Additionally, the logical conclusion of Baptist’s method is also self-refuting, because to double count for one good - cotton, would also require double counting for all other goods making up the GDP that year, and the years that followed.
Still, the most revealing aspect of Baptist’s accounting is the words he uses to qualify his calculations - “perhaps $40 million, probably added up to about $100 million, might have added up to $200 million.” Back of the envelope accounting is meant to simplify not misrepresent reality or to prop-up ones idealogical expectations. Here Baptist clearly fabricates numbers, to support his version of history. That sees cotton production as contributing to about half of the US GDP.
Magness concludes,
“The main takeaways are that (1) the actual percentage of GDP derived from slavery is measured from final goods and services that involved slave-based production, and (2) Ed Baptist clearly did not understand what he was doing when he calculated his statistic. Cotton was by far the biggest item on the list of final goods and services, and, while its output varied year by year, it is probably reasonable to place slave-based goods in the mid to high single digits, not the 50 percent claim that Coates repeated.”

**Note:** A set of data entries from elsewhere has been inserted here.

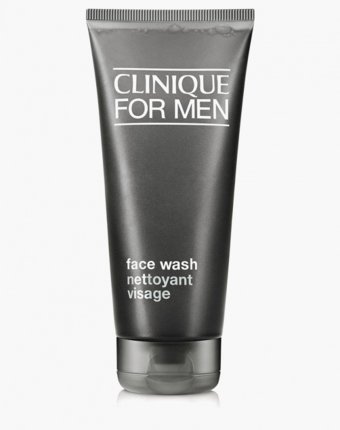 Мыло для лица Clinique мужчинам
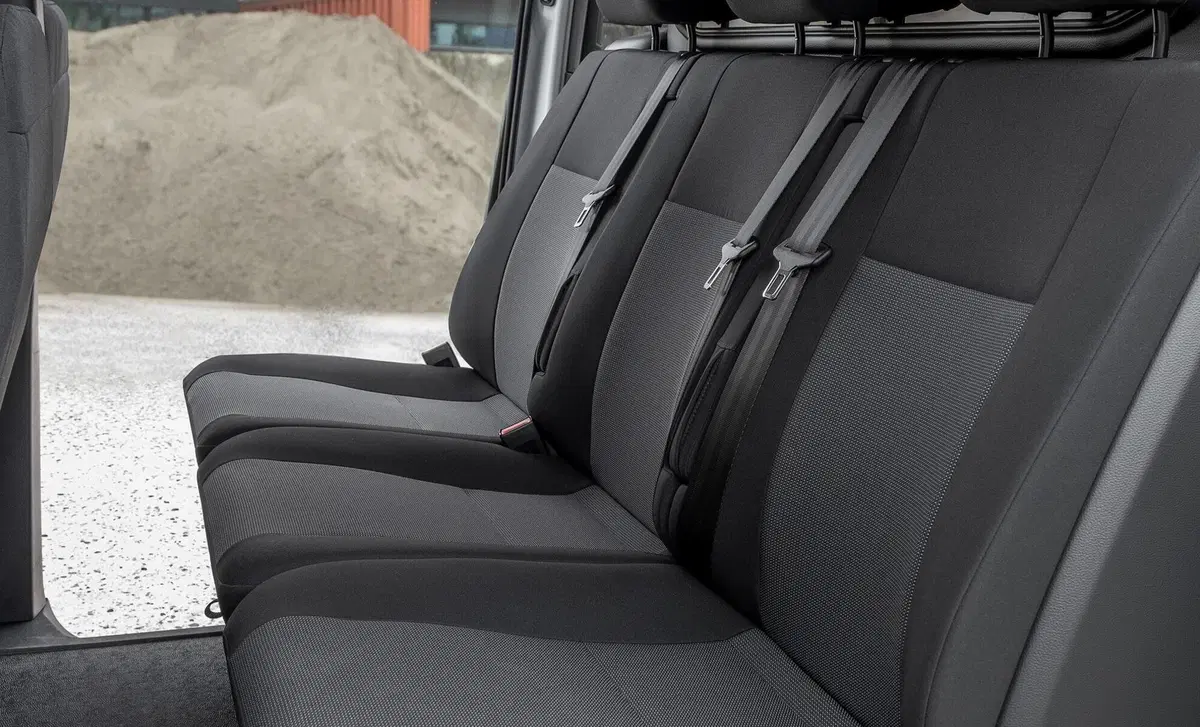 Opel Vivaro-e Life (2020-->>) (13)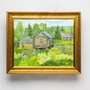Glezna 41x49cm 803080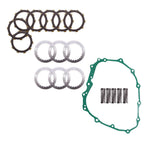 Honda TRX400EX Clutch Kit Heavy Duty Discs Springs Gasket 1999-2008 US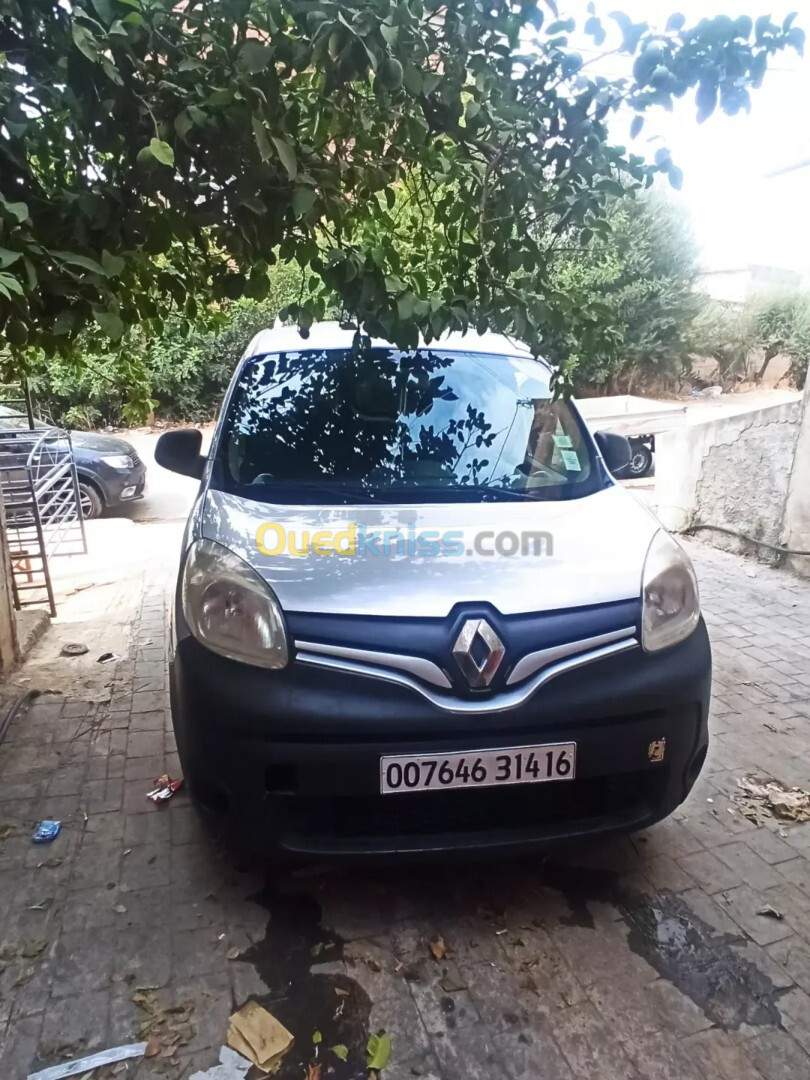 Renault Kangoo 2014 Kangoo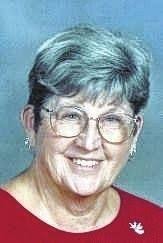 Patty Roof Obituary (2016)
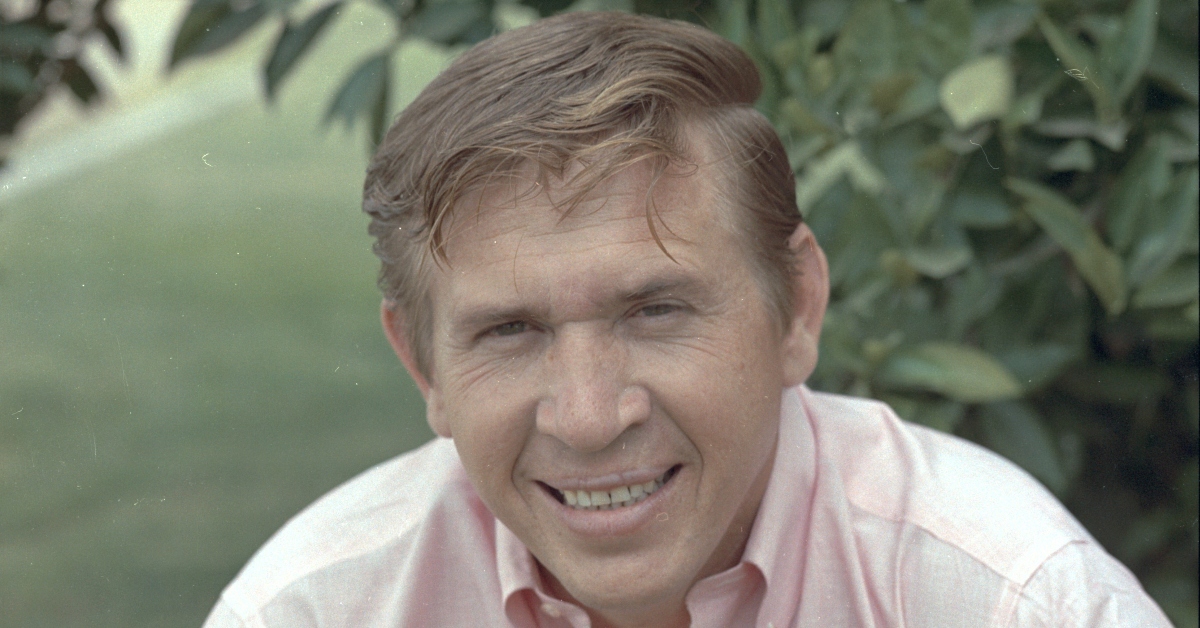 Country Music - Photo of buck owens 2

Baptist's methodology is indicative of those who believe history is to be recast and not simply reported. Making things up or obfuscating the truth is acceptable, because their vision of what history and society should be, is not to be impeded, not even by lack of evidence or inaccuracies. If reparations is to appeal to our better angels and our sense of moral duty, wilfully fudging the numbers is a gross violation of this, tantamount to fraud if issued under Baptist's and others preferred calculations.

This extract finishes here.